Siguiendo el protocolo habitual establecido para estos casos, los políticos se han venido reservando la información útil para ellos, soltando al público las migajas informativas y, en todo caso, ofreciendo una realidad debidamente maquillada para dejar a salvo su responsabilidad y la parte que convenga a sus intereses. Se habla de democracia, de derechos, de libertades individuales y todo ese arsenal político ornamental diseñado para entretener a la gente pero, tal como se puede desprender del ejemplo citado y extrapolado a nivel general, existe la convicción entre las elites políticas de que las masas son un conjunto de personas incapaces de valerse por sí mismas que deben ser tuteladas permanentemente, y es esa la función que justifica su propia existencia. Este parece ser el punto sustancial de la cuestión.

Si la política hace su juego, podría pensarse que los considerados poderes alternativos contribuirían a que las masas se ilustraran debidamente para salir de la tutela, pero resulta que lo de ilustrar, y en buena parte informar de lo sustancial, no es compatible con lo de ganar dinero. A tal fin tampoco resulta conveniente llegar a indisponerse con los políticos deslizando material inapropiado. De ahí que todo lo que suelten gire en torno al mismo eje y no sea precisamente ilustrativo, sino movido por diversos intereses que a veces no coinciden con los generales. Se trata de manosear ciertas noticias hasta la saciedad para que entren por los ojos del gran público y ordeñando los titulares hasta el agotamiento, pero en definitiva sin llegar a aportar nada de valor.
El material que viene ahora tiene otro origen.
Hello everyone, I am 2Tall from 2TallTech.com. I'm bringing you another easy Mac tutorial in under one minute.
Esto de quedarse en lo oficialmente pactado por el gremio, alimentado por estadísticas para cada ocasión y silenciando lo que no conviene sacar a la luz al que tiene poder o a ser posible irse por las ramas, es la práctica a seguir por el monopolio mediático. Fuera de su terreno no queda espacio para que se pueda decir nada. A este punto ha llegado reducido el llamado poder de la información.
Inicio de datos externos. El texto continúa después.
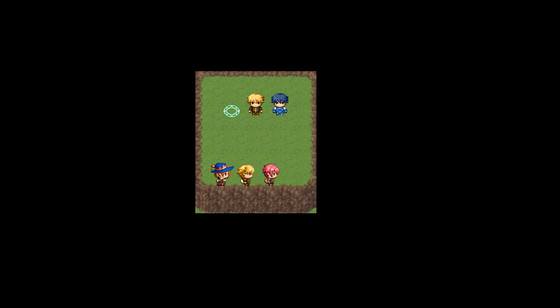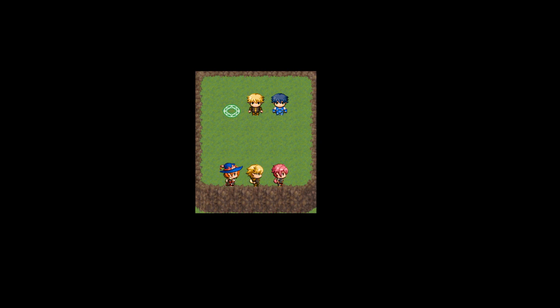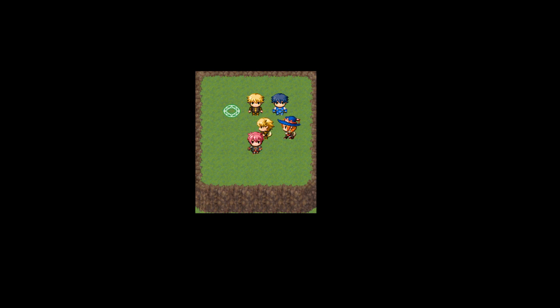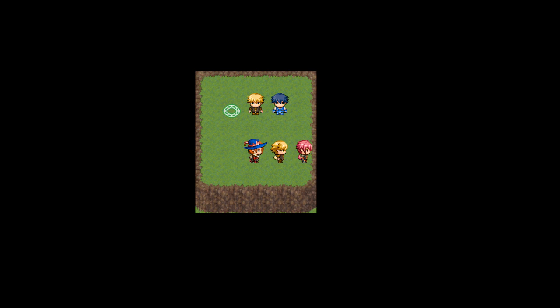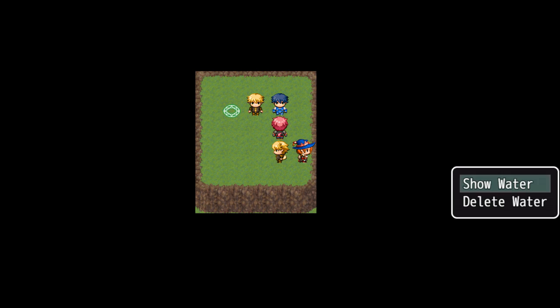Hey everyone, what's up? It's the EmperorPro here and I have created the Ultimate Parallax plugin. As you can see here, we have a very blank and standard little map here.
Fracasada una alternativa mediática con la debida autonomía, solo queda conformarse con lo que se ofrece al público. La verdad solamente está en lo que dice la propaganda, el medio que sirve para cantar las bondades del poder, e incluso es posible aleccionarse con la publicidad, desde la que los mas avispados comerciantes tratan de hacer de la noticia simple negocio. Muy poca cosa para que pueda cambiar el criterio elitista sobre la incapacidad de las masas.